Toon Moene wrote:
Jim Lux wrote:

Yep. And for good reason. Even a big DoD job is still tiny in Nvidia's scale of operations. We face this all the time with NASA work. Semiconductor manufacturers have no real reason to produce special purpose or customized versions of their products for space use, because they can sell all they can make to the consumer market. More than once, I've had a phone call along the lines of this:

"Jim: I'm interested in your new ABC321 part."
"Rep: Great. I'll just send the NDA over and we can talk about it."
"Jim: Great, you have my email and my fax # is..."
"Rep: By the way, what sort of volume are you going to be using?"
"Jim: Oh, 10-12.."
"Rep: thousand per week, excellent..."
"Jim: No, a dozen pieces, total, lifetime buy, or at best maybe every year."
"Rep: Oh...<dial tone>"

{Well, to be fair, it's not that bad, they don't hang up on you..

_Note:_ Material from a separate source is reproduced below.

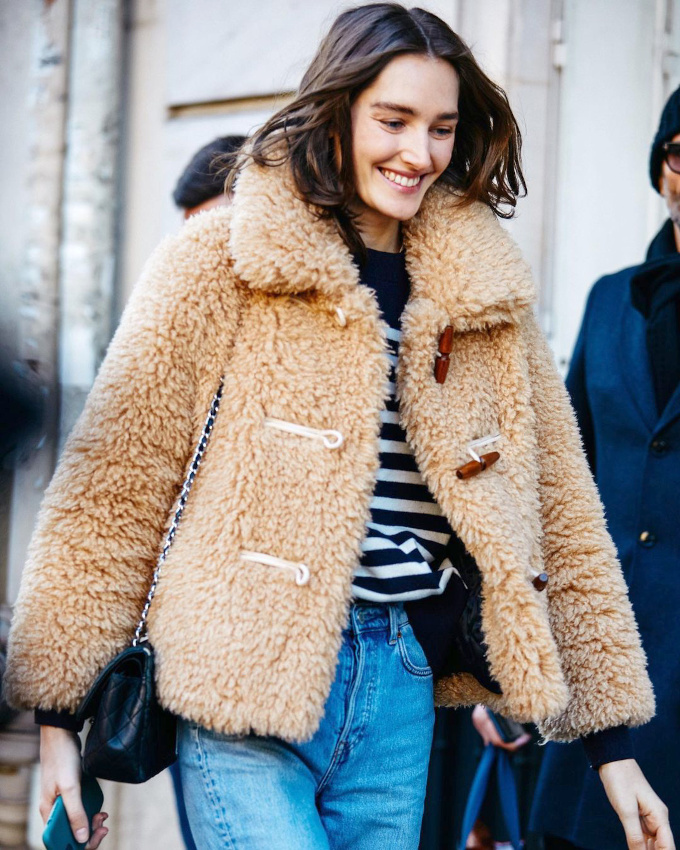 Manteau XXL et marinière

Since about a year, it's been clear to me that weather forecasting (i.e., running a more or less sophisticated atmospheric model to provide weather predictions) is going to be "mainstream" in the sense that every business that needs such forecasts for its operations can simply run them in-house.

Case in point: I bought a $1100 HP box (the obvious target group being teenage downloaders) which performs the HIRLAM limited area model *on the grid that we used until October 2006* in December last year.

It's about twice as slow as our then-operational 50-CPU Sun Fire 15K.

I wonder what effect this will have on CPU developments ...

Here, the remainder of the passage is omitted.